Task instructions: No pictures belong in the copy. Restate the rest of the data exactly.

Raw data:
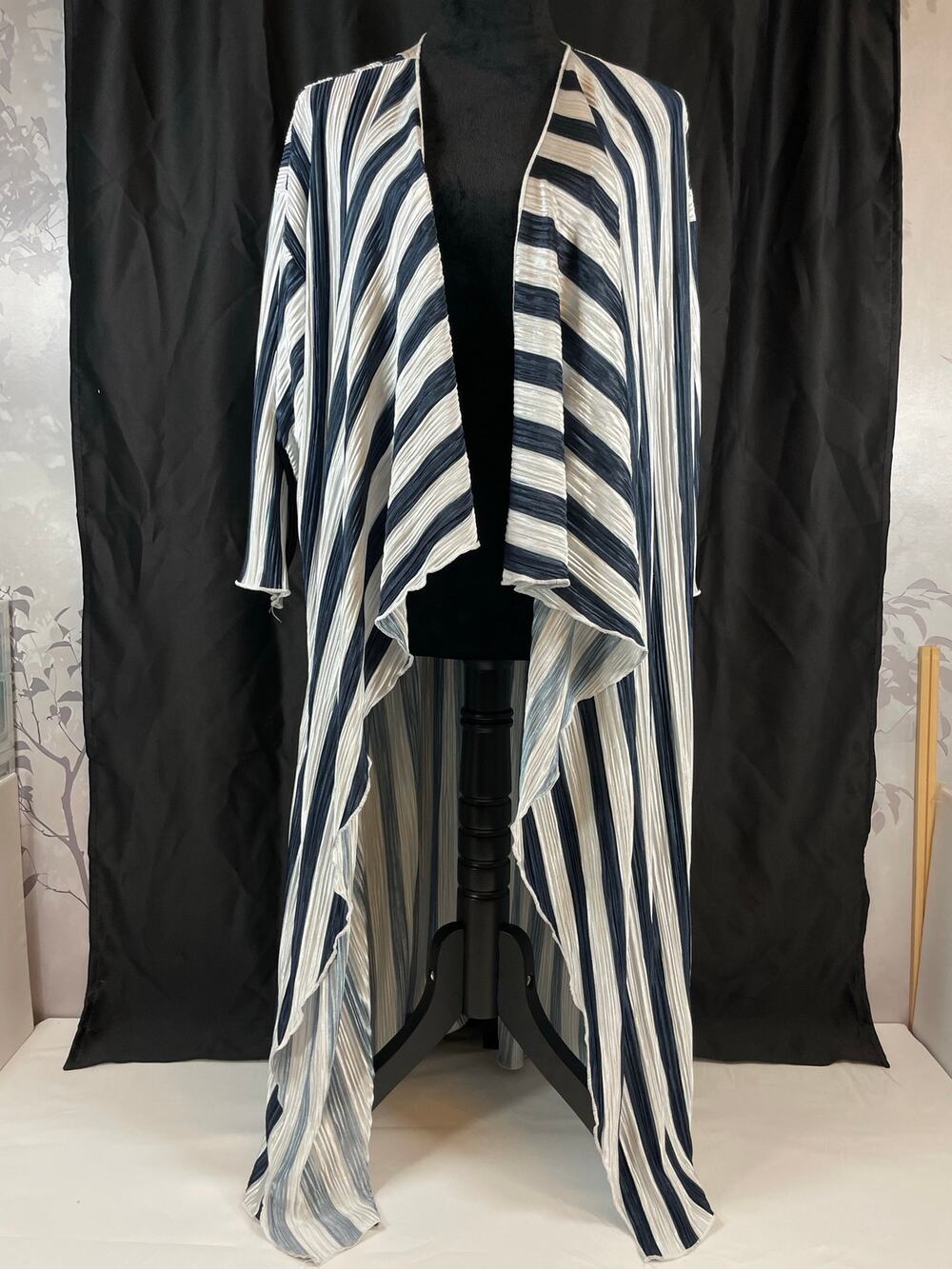 LuLaRoe Pleated Striped Duster Kimono Cardigan Navy Blue White L Coastal Boho
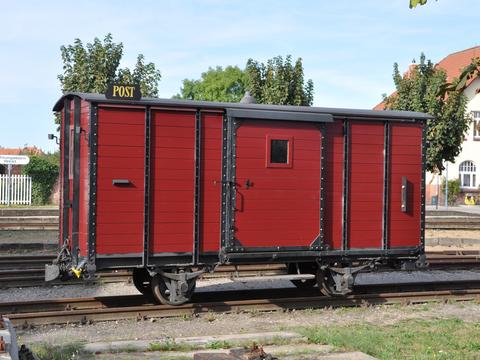 Der mit neuem Holz beplankte Postwagen Nr. 71 am 24. September 2016 in Kühlungsborn West.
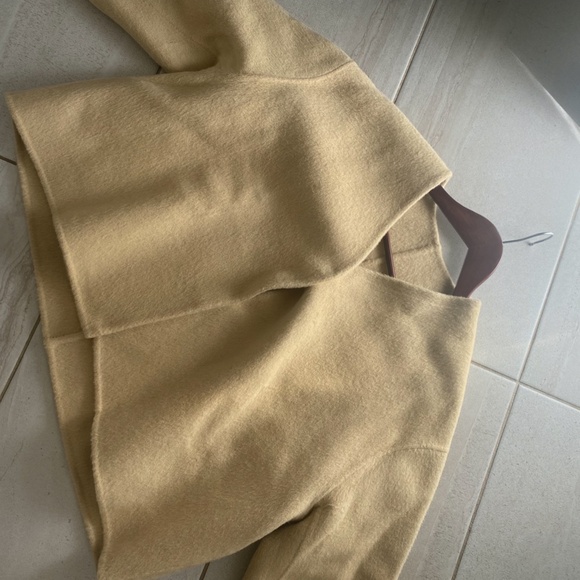 Beautiful Brand New short boxy jacket one size 95% lambswool ,light and soft - Picture 3 of 5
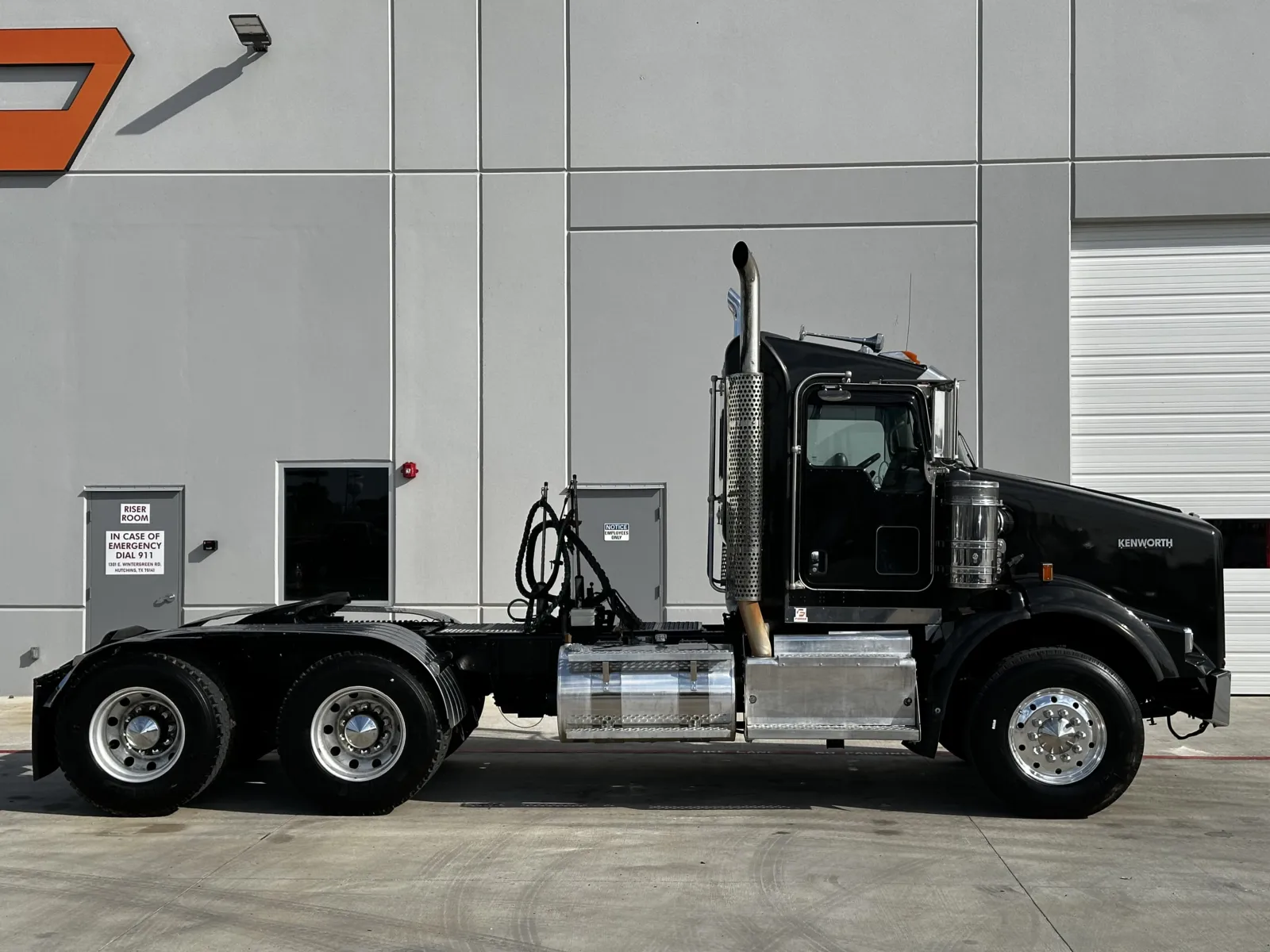 2015 Kenworth T800 - image 3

Written response:
 LuLaRoe Pleated Striped Duster Kimono Cardigan Navy Blue White L Coastal Boho
 Der mit neuem Holz beplankte Postwagen Nr. 71 am 24. September 2016 in Kühlungsborn West.
 Beautiful Brand New short boxy jacket one size 95% lambswool ,light and soft - Picture 3 of 5
 2015 Kenworth T800 - image 3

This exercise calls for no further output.